Southeastern Section–56th Annual Meeting (29–30 March 2007)

Paper No. 1
Presentation Time: 1:00 PM-5:00 PM


KOSLOSKI, Mary E., Earth and Atmospheric Sciences, Cornell University, 307 South Titus Avenue, Apartment 3, Ithaca, NY 14850 and DIETL, Gregory P., Paleontological Research Institution, 1259 Trumansburg Rd, Ithaca, NY 14850,

As human activities continue to transform the world's marine ecosystems through the modification of habitats, elimination of top consumers by overfishing practices, and global redistribution of species, we are increasingly reducing the productive capacity and resiliency of these systems to absorb stresses. Whether current conditions provide opportunities to nurture adaptation is emerging as an important component in the development of conservation strategies.

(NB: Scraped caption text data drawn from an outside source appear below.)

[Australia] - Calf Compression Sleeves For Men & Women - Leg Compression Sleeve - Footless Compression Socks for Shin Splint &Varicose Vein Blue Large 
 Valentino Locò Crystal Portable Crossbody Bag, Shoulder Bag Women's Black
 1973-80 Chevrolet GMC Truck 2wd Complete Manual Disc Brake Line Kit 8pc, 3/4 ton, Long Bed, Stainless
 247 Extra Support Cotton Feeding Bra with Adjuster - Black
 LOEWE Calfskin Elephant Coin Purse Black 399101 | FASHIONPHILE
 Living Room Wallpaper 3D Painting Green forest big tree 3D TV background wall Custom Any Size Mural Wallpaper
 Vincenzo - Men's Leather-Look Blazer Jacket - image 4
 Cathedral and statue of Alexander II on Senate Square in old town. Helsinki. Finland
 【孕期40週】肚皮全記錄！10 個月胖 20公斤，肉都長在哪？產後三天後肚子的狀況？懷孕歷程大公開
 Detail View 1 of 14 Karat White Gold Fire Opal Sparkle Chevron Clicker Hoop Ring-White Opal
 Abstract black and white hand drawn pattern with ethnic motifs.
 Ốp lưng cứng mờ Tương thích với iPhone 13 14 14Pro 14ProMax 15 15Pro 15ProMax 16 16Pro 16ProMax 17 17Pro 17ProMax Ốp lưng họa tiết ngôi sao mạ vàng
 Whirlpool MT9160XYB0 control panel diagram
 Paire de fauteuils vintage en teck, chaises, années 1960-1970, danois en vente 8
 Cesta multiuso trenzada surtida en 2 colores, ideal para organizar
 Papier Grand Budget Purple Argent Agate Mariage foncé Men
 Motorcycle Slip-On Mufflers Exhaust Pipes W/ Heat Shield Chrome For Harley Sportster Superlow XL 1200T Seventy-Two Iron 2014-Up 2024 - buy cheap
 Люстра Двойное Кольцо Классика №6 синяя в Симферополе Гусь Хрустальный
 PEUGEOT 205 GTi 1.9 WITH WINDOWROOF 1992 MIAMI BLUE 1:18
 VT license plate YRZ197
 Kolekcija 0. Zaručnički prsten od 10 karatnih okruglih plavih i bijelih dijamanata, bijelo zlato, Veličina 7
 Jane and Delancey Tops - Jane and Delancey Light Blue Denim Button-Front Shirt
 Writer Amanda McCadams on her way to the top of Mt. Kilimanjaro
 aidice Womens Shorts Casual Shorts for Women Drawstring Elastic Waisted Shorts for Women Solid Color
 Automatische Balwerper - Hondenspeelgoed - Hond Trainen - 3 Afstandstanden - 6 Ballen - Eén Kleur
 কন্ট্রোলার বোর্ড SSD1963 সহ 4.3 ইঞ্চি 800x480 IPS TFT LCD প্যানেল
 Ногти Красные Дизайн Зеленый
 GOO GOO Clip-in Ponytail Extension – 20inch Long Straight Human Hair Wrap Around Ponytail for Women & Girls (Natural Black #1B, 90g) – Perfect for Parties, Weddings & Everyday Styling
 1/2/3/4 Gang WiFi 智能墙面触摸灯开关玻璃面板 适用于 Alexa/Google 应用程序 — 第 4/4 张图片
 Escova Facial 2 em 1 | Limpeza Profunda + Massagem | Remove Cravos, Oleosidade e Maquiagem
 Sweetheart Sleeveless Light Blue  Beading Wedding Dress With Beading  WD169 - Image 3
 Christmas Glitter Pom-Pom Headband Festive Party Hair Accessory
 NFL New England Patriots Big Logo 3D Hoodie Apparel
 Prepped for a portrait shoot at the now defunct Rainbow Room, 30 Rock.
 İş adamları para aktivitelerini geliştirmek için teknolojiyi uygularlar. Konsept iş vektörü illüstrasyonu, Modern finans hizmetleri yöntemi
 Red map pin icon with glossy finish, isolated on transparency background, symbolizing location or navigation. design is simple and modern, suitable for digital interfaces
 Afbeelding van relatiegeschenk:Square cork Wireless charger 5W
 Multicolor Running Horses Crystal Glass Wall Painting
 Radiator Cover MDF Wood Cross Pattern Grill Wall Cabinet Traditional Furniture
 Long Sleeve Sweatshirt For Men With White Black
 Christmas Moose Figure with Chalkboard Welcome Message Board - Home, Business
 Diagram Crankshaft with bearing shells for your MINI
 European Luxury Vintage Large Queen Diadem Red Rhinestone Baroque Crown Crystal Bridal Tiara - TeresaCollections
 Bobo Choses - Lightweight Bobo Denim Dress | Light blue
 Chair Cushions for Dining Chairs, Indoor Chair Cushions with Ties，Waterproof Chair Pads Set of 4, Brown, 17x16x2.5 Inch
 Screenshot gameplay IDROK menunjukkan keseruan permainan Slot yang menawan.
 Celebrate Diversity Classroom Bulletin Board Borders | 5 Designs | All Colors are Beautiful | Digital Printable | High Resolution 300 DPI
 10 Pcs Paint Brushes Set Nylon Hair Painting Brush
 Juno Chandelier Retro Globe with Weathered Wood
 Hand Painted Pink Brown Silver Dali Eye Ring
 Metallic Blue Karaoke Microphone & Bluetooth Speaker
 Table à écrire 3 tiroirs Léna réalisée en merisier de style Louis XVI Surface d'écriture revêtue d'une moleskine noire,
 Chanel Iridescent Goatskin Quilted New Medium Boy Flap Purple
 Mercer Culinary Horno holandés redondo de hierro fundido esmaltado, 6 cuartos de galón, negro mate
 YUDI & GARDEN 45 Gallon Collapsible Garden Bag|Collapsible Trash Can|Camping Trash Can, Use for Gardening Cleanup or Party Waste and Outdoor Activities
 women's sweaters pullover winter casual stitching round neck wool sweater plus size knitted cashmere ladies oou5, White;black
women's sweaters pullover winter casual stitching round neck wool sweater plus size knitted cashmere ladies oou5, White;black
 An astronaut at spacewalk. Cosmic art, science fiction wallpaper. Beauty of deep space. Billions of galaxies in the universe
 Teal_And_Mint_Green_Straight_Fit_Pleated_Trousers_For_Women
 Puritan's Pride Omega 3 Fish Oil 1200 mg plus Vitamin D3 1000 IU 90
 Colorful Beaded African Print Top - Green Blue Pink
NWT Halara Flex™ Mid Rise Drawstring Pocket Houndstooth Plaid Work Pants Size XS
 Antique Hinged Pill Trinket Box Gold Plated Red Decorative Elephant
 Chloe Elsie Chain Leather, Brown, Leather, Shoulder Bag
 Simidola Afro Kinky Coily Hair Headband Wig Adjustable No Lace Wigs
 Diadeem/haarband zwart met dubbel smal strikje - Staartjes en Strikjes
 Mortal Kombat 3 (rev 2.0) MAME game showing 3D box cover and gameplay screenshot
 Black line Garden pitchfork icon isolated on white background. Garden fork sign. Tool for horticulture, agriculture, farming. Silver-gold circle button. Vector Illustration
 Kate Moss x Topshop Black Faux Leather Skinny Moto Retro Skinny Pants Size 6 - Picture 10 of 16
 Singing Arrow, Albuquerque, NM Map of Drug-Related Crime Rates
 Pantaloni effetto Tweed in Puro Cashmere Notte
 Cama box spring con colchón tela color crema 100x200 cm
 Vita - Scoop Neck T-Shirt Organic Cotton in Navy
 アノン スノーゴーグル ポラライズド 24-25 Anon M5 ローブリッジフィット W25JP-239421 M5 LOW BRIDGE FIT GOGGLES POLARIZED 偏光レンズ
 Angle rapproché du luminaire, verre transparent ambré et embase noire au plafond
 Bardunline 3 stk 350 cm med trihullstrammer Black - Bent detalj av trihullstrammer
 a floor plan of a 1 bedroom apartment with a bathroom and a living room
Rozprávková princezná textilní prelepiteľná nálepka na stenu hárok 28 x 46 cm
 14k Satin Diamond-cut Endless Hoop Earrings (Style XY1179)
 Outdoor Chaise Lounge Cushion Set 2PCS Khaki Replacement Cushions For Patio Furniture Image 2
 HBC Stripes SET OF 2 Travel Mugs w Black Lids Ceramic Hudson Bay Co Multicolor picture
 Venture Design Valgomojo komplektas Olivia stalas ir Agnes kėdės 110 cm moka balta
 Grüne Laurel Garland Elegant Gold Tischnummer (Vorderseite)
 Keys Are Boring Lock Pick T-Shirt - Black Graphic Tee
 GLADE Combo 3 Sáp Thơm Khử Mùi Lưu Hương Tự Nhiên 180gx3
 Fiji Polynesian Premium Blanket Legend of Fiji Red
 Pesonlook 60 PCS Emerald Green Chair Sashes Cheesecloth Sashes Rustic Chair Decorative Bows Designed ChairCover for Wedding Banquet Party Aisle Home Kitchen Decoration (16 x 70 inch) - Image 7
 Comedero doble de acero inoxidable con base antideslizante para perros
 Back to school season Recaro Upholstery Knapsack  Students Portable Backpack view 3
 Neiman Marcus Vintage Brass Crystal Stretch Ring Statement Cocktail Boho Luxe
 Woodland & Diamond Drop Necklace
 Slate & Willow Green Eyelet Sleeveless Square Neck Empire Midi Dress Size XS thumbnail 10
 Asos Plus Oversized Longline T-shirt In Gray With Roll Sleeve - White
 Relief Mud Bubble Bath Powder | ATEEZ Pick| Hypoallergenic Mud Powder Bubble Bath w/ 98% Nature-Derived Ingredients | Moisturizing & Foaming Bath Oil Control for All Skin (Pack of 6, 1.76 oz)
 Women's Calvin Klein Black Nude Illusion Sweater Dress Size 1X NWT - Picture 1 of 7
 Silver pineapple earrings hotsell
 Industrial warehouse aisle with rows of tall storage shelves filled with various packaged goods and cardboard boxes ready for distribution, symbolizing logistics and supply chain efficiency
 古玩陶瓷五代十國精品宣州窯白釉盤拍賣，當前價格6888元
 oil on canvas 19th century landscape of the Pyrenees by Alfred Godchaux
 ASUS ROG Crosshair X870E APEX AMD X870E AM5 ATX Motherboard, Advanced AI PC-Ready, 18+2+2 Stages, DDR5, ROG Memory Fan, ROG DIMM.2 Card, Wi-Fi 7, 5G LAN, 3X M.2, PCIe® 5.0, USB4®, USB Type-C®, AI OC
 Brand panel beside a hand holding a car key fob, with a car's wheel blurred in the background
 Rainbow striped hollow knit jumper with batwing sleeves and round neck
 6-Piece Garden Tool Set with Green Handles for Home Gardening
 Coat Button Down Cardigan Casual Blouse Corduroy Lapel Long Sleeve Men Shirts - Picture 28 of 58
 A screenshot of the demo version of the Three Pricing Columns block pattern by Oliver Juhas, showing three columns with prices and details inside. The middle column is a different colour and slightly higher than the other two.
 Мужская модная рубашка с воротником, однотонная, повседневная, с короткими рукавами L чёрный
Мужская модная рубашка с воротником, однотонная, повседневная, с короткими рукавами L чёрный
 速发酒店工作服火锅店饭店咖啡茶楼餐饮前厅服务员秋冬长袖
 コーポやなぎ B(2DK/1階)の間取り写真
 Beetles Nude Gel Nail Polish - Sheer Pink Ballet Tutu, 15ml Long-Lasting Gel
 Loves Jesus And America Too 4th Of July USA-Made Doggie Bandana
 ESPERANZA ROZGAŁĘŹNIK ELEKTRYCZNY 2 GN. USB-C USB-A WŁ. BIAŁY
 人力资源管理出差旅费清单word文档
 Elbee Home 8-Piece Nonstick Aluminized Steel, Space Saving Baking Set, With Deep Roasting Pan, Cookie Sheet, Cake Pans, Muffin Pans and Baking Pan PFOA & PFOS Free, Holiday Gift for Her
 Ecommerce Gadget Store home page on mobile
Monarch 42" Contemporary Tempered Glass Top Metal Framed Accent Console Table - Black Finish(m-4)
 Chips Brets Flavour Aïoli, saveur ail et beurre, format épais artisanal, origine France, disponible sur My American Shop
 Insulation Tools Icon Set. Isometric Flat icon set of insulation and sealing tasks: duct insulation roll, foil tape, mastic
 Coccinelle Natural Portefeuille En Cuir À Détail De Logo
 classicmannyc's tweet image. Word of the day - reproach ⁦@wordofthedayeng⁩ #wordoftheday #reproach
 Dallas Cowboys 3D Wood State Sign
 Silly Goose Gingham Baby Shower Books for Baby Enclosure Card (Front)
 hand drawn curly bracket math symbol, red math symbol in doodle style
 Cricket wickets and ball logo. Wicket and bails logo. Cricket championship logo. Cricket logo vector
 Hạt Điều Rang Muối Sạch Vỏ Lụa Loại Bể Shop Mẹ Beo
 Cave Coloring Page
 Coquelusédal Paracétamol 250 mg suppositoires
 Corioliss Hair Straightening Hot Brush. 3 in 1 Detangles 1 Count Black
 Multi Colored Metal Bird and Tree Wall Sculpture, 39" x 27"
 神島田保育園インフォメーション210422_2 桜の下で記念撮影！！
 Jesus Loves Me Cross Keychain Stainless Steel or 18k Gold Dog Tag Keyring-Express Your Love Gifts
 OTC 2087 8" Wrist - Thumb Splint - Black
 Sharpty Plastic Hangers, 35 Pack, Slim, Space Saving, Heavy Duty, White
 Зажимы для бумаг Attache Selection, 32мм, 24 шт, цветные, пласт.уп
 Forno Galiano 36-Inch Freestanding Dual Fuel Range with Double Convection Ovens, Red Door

The long-term history of coevolving species interactions provides a unique opportunity to assess ecosystem health—defined here as a permissive environment to adaptation where energy and material resources are both available and “easy” to acquire (Vermeij, 2004)---before and after human influences on the environment. Since the Pliocene, predatory whelks (Busycon and Sinistrofulgur) have coevolved with their hard-shelled bivalve prey along the Atlantic and Gulf coasts of the U.S. Whelks use their shell lip to chip open the shell of their prey, often resulting in breakage to their own shells. Predator adaptation to hard-shelled prey contributed to temporal changes in whelk size increase and behavior to decrease performance loss (shell breakage) associated with feeding on hard-shelled prey (Dietl, 2003). If human activities have diminished the productive capacity of coastal environments, it is hypothesized that opportunities for continued adaptation of energetically costly traits (predator size) and behaviors (shell-chipping) in this species interaction should cease.

Preliminary results from samples of Pleistocene and modern whelks from North Carolina suggest that functional improvement in the coevolving arms race has not been constrained (“turned off”) by human influences on the environment. Trends in predator size and feeding behavior that began in the Pliocene continue into the Recent.